Prefix sums are key building blocks in the implementation of many concurrent software applications, and recently much work has gone into efficiently implementing prefix sums to run on massively parallel graphics processing units (GPUs). Because they lie at the heart of many GPU-accelerated applications, the correctness of prefix sum implementations is of prime importance.
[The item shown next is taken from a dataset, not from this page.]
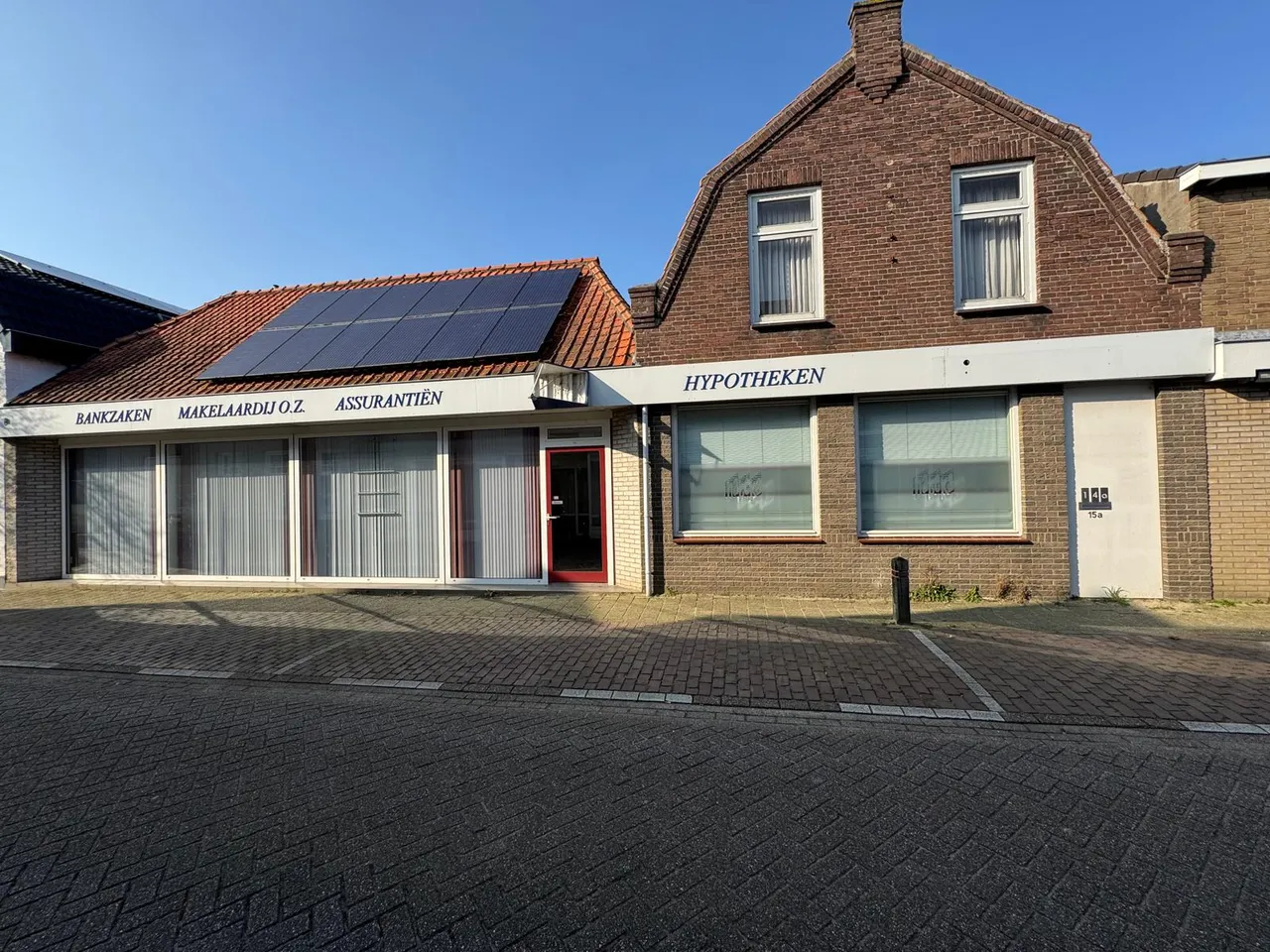 Twee-onder-één-kap te koop: Molendijk 14, Hoek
We introduce a novel abstraction, the interval of summations, that
allows scalable reasoning about implementations of prefix sums. We
present this abstraction as a monoid, and prove a soundness and
completeness result showing that a generic sequential prefix sum
implementation is correct for an array of length n if and only if it
computes the correct result for a specific test case when instantiated
with the interval of summations monoid. This allows correctness to be
established by running a single test where the input and result
require O(nlg(n)) space. This improves upon an existing result by
Sheeran where the input requires O(nlg(n)) space and the result
O(n^{2}lg(n)) space, and is more feasible for large n than a
method by Voigtländer thatuses O(n) space for the input and
result but requires running O(n^{2}) tests. We then extend our
abstraction and results to the context of data-parallel programs,
developing an automated verification method for GPU implementations of
prefix sums. Our method uses static verification to prove that a
generic prefix sum implementation is data race-free, after which
functional correctness of the implementation can be determined by
running a single test case under the interval of summations abstraction.

We present an experimental evaluation using four different prefix sum algorithms, showing that our method is highly automatic, scales to large thread counts, and significantly outperforms Voigtländer’s method when applied to large arrays.